Use Your Gifts With Gratitude. God gave you talents not to compete but to serve and have some fun. If you can sing, sing. If you’re a good listener, listen. If you’re creative, create. When you use what you’ve been given with a grateful heart, it sets you free from comparison.
Part 4: Reflection + Storytelling (2 minutes) I want to tell you about a girl I met online. She was using drugs and sleeping with random guys for a thrill. “I didn’t even want to be here anymore.”
Looking at this sweet girl, I knew she was trying to escape all the hurt she had faced in her life. The drugs were an attempt to numb all the chaos inside. To feel happy for just a moment. The random sex, as an attempt to feel loved and comforted.
I didn't judge her. Or think she was a bad person. It actually hurt my heart. I wanted to hug her. To tell her that the answer to her pain and the healing she needed could be found through choosing Jesus and allowing Holy Spirit to renew and restore her broken heart.
Over the next few months as we talked, I explained that God could offer her a way to breathe again to feel free. I'm not talking about a bunch of religious junk that makes you feel terrible. I told her she had to connect with him for real. Let his presence fil her life.
She listened and was respectful. She asked me the hard questions. Like how could God let some of those terrible things happen to her. We talked through it all.
She would wander away, but then eventually come back and start talking to me again. After several years of wandering back to darkness, she finally had enough. She chose light. She found an organization that offered Christian mentoring, she went to rehab to get clean, and she is on the journey towards healing.

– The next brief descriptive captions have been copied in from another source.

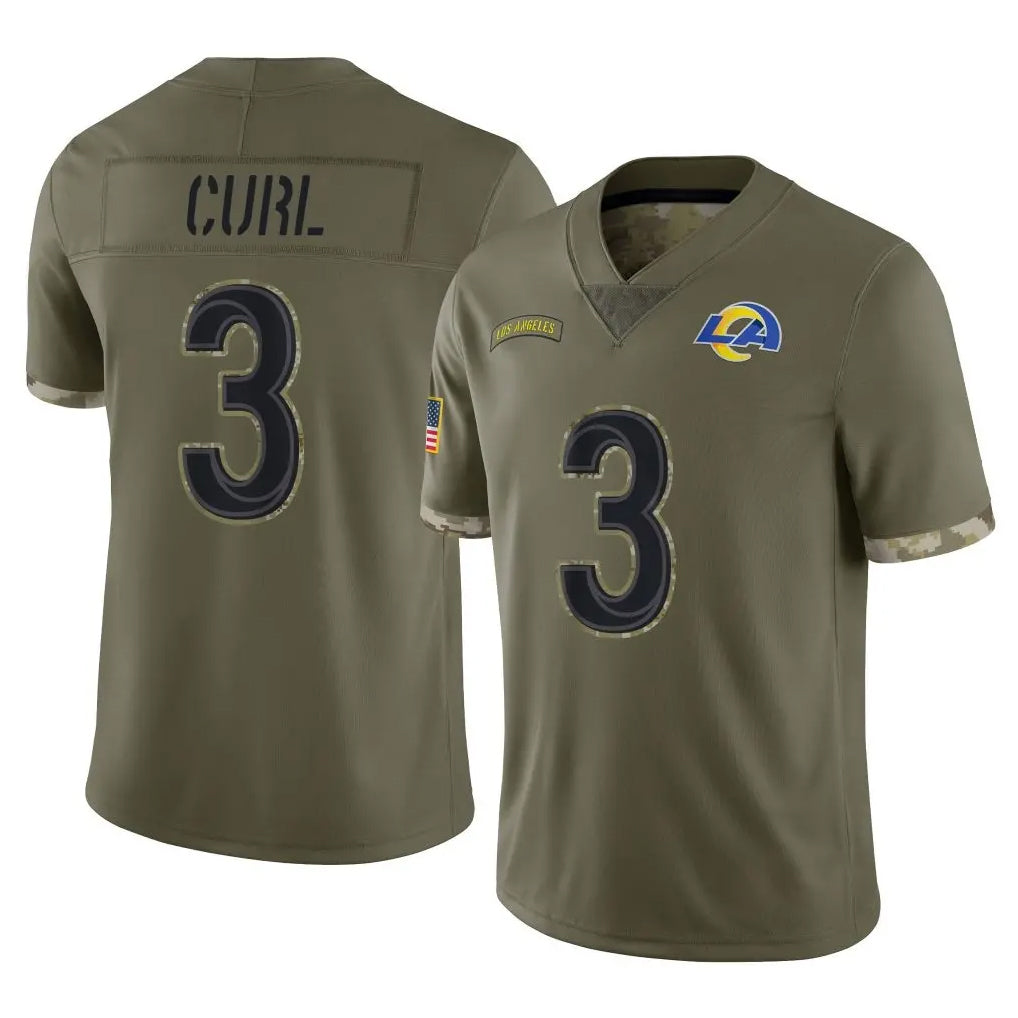 Kiarac LA.Rams #3 Kam Curl Player Olive Salute To Service Limited Stitched Jerseys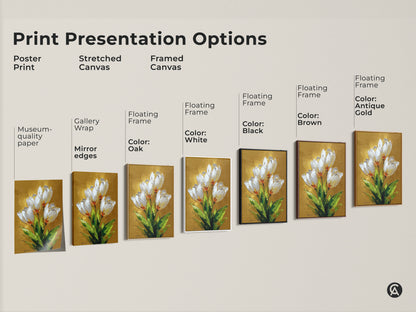 Explore presentation options for white tulip botanical art prints. Choose from poster stretched or framed canvas. Available with various frame colors to match your home decor style.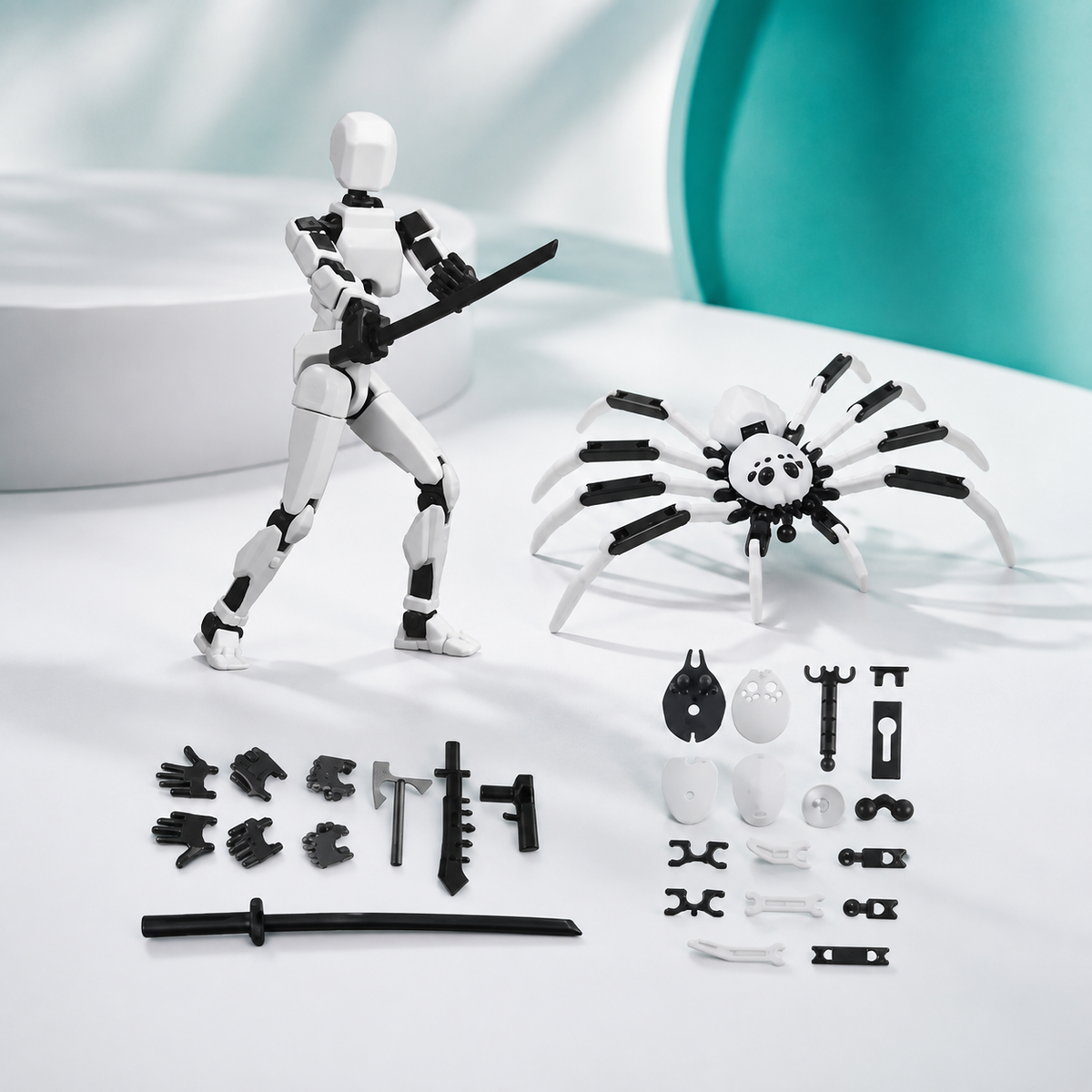 Voll bewegliche Roboter-Figur – Kreatives Spielen & Posen Weiß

Layer by layer God can heal all the broken places in her. He loves her too much to leave her wounded and falling apart. It's a relief to see her make the choice to let God help her.
Takeaway + Challenge (1 minute)So here’s your challenge this week:
Write down three truths from God’s Word about who you are.
Keep them on your phone, in your journal, or on sticky notes on your mirror.
And when comparison or insecurity creeps in, speak them over yourself. Out loud.
Don’t let the world tell you who you are. Let the One who made you define you.
Closing (1 minute)Girls, you were made for more than living in the dark. You were made for light, freedom, and love. Don’t settle for living below who you were created to be.
Thanks for hanging out with me today on the Faithful Chicks Podcast. Remember—you’re loved, you’re chosen, and you’re wonderfully made. Step into that truth this week, and watch how it changes the way you see yourself.